My heart’s so hardened I cannot repent!
Scarce can I name salvation, faith, or heaven,
But fearful echoes thunders in mine ears,
“Faustus, thou are damned”; then swords and knives,
Poison, guns, halters, and envenomed steel
Are laid before me to dispatch myself:
And long ere this I should have slain myself,
Had not sweet pleasure conquered deep espair.
Have I not made blind Homer sing to me
Of Alexander’s love, and Oenon’s death.
And hath not he that built the walls of Thebes
With ravishing sound of his melodious harp,
Made music with my Mephastophilis?
Why should I die then, or basely despair?

In other words, art as suicide prevention.

Dante may not be suicidal, but he’s very, very low at the point where Virgil comes to his aid. First there is deep depression:

Midway in our life’s journey, I went astray
from the straight road and woke to find myself
alone in a dark wood. How shall I say

what wood that was! I never saw so drear,
so rank, so arduous a wilderness!
Its very memory gives a shape to fear.

Death could scarce be more bitter than that place!...

How I came to it I cannot rightly say,
so drugged and loose with sleep had I become
when I first wandered there from the True Way.
(John Ciardi trans.)

In this state, he catches a momentary gleam of God’s love:

But at the far end of that valley of evil
whose maze had sapped my very heart with fear!
I found myself before a little hill

and lifted up my eyes. Its shoulders glowed
already with the sweet rays of that planet [the sun]
whose virtue leads men straight on every road

and the shining strengthened me against the fright
whose agony had wracked the lake of my heart
through all the terrors of that piteous night.

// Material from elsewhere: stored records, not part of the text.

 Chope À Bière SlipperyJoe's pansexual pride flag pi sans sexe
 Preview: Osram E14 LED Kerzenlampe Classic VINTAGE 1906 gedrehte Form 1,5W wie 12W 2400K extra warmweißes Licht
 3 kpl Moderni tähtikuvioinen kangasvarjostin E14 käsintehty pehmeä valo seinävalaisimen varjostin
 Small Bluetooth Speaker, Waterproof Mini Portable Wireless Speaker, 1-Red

Despite his resolution to march up the hill—to leave his funk and open himself to God—Dante then encounters three beasts that drive him back into his dark woods state. Think of them as symbols of his sins and sense of inadequacy:

She [the She-Wolf] brought such heaviness upon my spirit
at sight of her savagery and desperation,
I died from every hope of that high summit.

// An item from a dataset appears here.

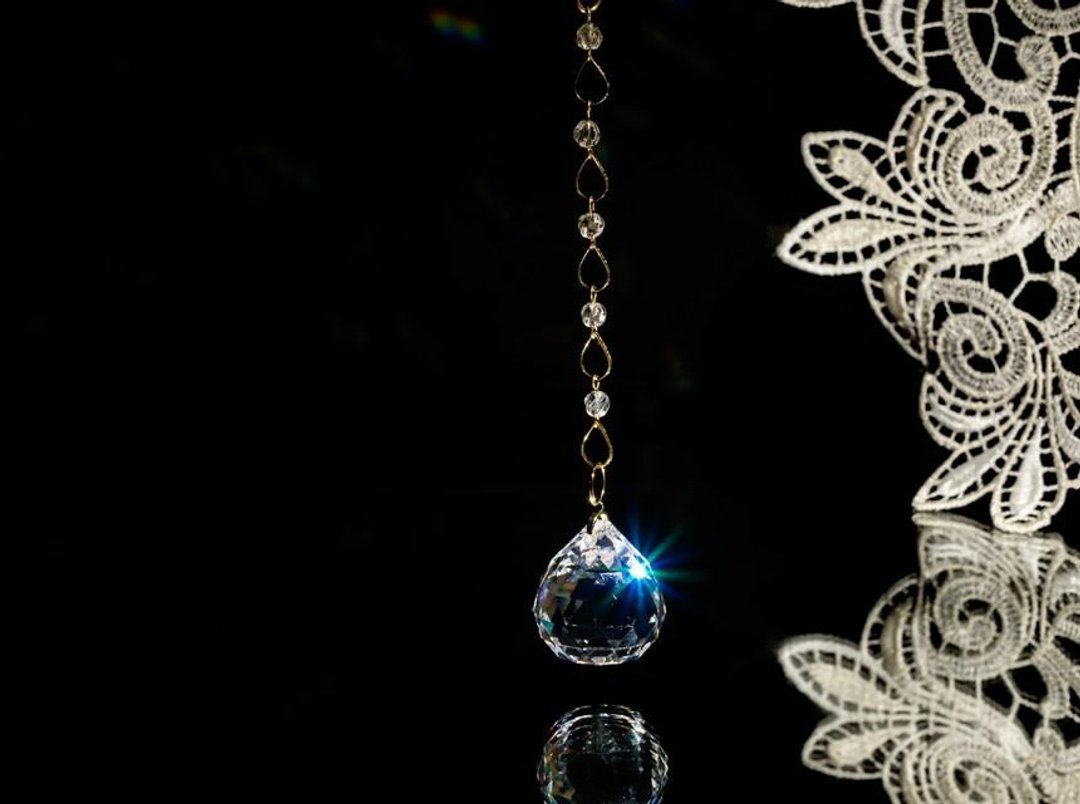Snowdrop suncatcher - 摆饰 - 玻璃 透明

And like a miser—eager in acquisition
but desperate in self-reproach when Fortune’s wheel
turns to the hour of his loss—all tears and attrition

I wavered back; and still the beast pursued,
forcing herself against me bit by bit
till I slid back into the sunless wood.

It is at this point that he remembers his beloved Virgil, although he at first doesn’t recognize him. After a lifetime of reading, we know there may be someone out there who understands our condition, even if we’re not at first sure who it is. Gradually it comes to us:

And as I fell to my soul’s ruin, a presence
gathered before me on the discolored air,
the figure of one who seemed hoarse from long silence.

At sight of him in that friendless waste I cried:
“Have pity on me, whatever thing you are,
whether shade or living man.”

Our most beloved authors are both shades and living people, shades in that they play an outsized role in our imaginations. Virgil reassures Dante that he will help him grapple with his inner darkness:

Therefore, for your own good, I think it well

you follow me and I will be your guide
and lead you forth through an eternal place.
There you shall see the ancient spirits tried

in endless pain, and hear their lamentation
as each bemoans the second death of souls.

Virgil has one drawback: having lived before the birth of Christ, he can’t guide Dante fully into an understanding of God’s redeeming love. He has an inkling, however: Dante believes that Virgil’s Eclogue anticipates Christ’s vision. He captures this by having Virgil report he has been sent by three heavenly ladies: the Virgin Mary, Dante’s muse Beatrice, and the figure Lucia, representing Divine Light.

The combination of Virgil’s worldly knowledge and Christianity’s divine love will lead Dante out of the woods and into the light.